The law is clear that a foreign substance must have been on the floor for a period of time long enough for ship personnel to notice it, or that they must have known of its existence and neglected to attend to it. Alternatively, the ship must have created a dangerous condition and failed to warn its passengers or remedy the situation.
Most cruise line slip and fall cases involve transitory substances on the floor such as water, ice cream, coffee or soft drinks. There may also be food on the floor near vending areas and buffet lines. The difficulty in establishing liability on the ship is being able to show that the substance was on the floor for a substantial period of time, or long enough for someone to have seen it and cleaned it up. This is where most cases fail.
If you or someone you know is injured in a slip and fall accident on a cruise ship, it is important that you look around at the surroundings and immediately document the area. Was the transitory substance or liquid in a place where you might expect it, such as a pool deck, outside Jacuzzi or by the service area of the bar? This is important because the ship will use it as a defense that a reasonable person would expect water to be on the deck in those particular areas. However, if the water is in an area where one would not expect it to be, that detail would be important because these areas are routinely patrolled and notice is easier to establish. It is also critical to obtain the names, addresses and phone numbers of any witnesses. Most people are willing to help, but if you don't have their particulars then their information will be of no assistance.
Oftentimes, passengers believe that the threshold areas that separate one portion of the ship from the other are tripping hazards. However, the thresholds generally fall within the acceptable height deviations from the deck. Again, if you or someone you are traveling with trips over one of these thresholds, it will be important to photograph the area immediately. If, for any reason, the threshold area is damaged or defective, the ship has an obligation to inspect the area and correct any dangerous conditions. Photographic evidence is very important in the trip and fall, slip and fall cases. Every passenger has a camera or knows someone who has one. Have a member of your party photograph the area of the incident thoroughly and immediately thereafter. This evidence may be very useful in litigating a claim against the cruise line.
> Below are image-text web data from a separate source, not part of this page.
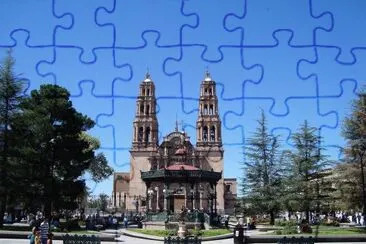 Plaza de Armas y Catedral, Ciudad de Chihuahua. jigsaw puzzle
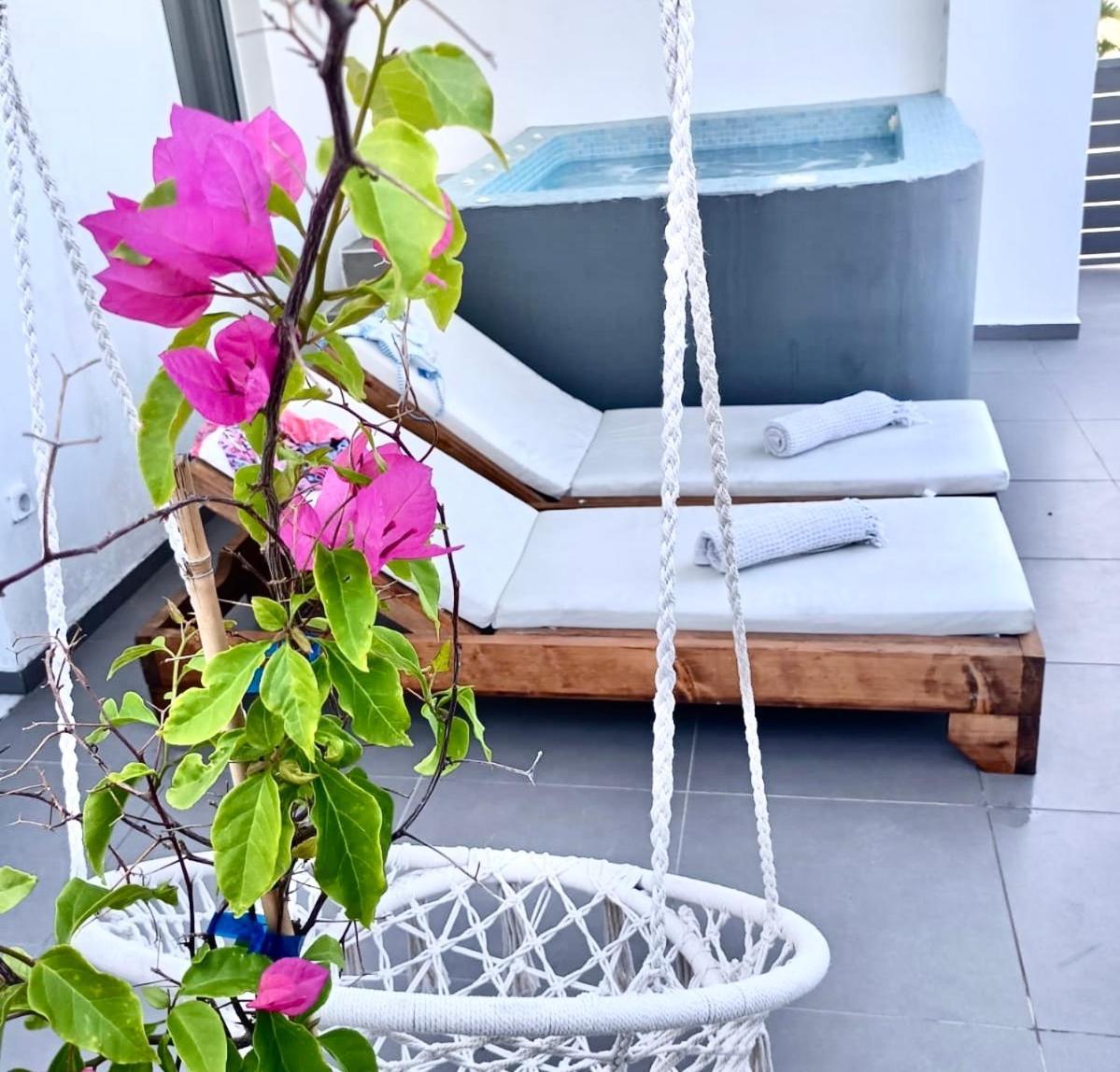 The Muses Of Santorini Private Jacuzzi Suites Vothon Exterior photo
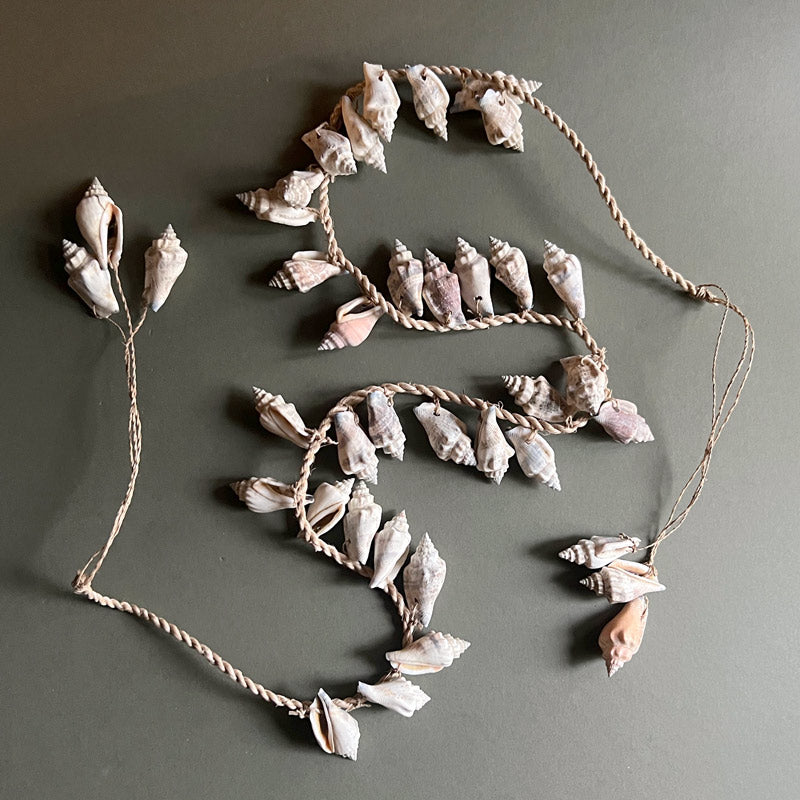 Shell Garland Spiral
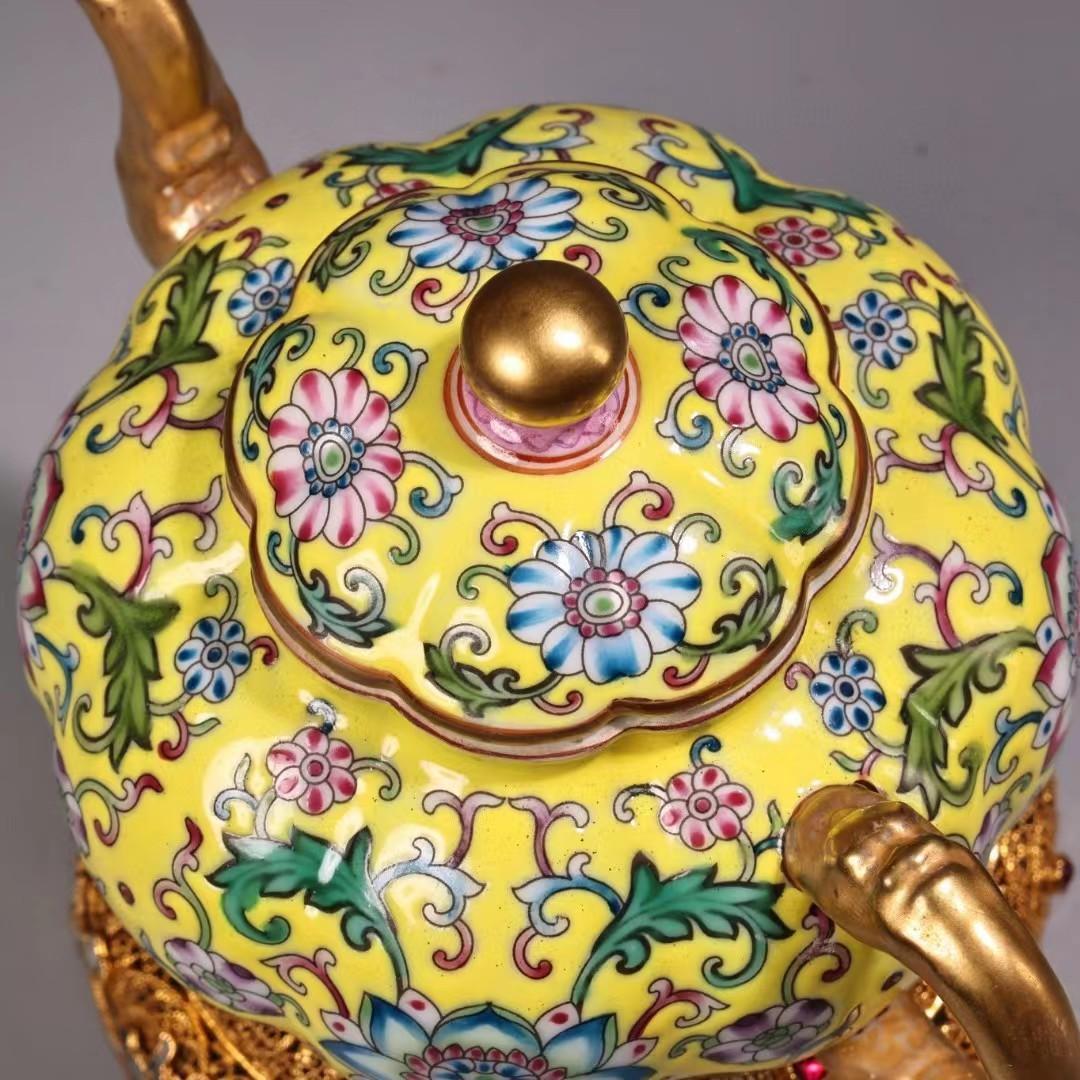 中国古美術・珍品旧蔵七宝彩と鎏金の磁器の茶壺・急須・底台付・文房具・置物・茶道具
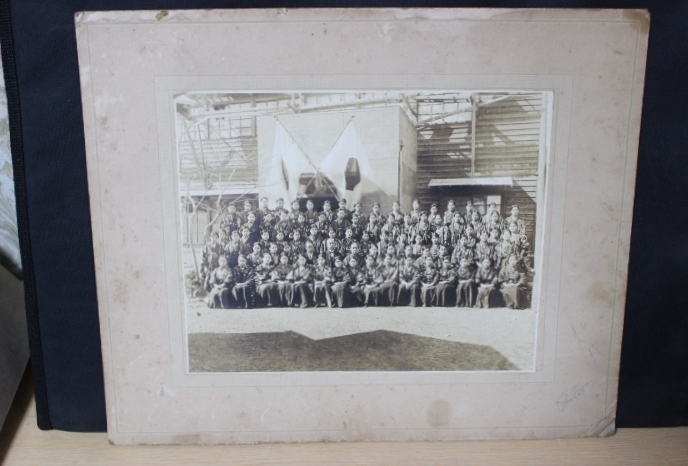 ◆よ-763 群馬県 桐生市 桐生裁縫女学校 卒業記念 写真 戦前 古い 昭和5年 桐生第一高等学校 資料 写真21cm×26.5cm 全体32.5cm×39.8cm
Obviously, the passenger’s level of sobriety and type of footwear will also come into play. Remember, you are given a folio charging card at the beginning of the cruise. The cruise line knows exactly how much alcohol you purchased with that card. If you are injured after a day of heavy drinking, you better believe that that will be a defense. Additionally, the footwear being worn at the time will also come in to play. It is, after all, a ship; sensible footwear is a must. Sometimes you have to sacrifice fashion for safety.
Finally, every passenger has an obligation to look after his or her own safety. That means you are charged with the responsibility to look where you're going and appreciate open and obvious dangers. Not every accident can be avoided, but not every accident means someone will be held at fault. Each case turns on its own set of facts and circumstances. The more facts that are gathered immediately after the incident, the better chance you have to successfully prosecute a slip and fall or trip and fall claim against the cruise line.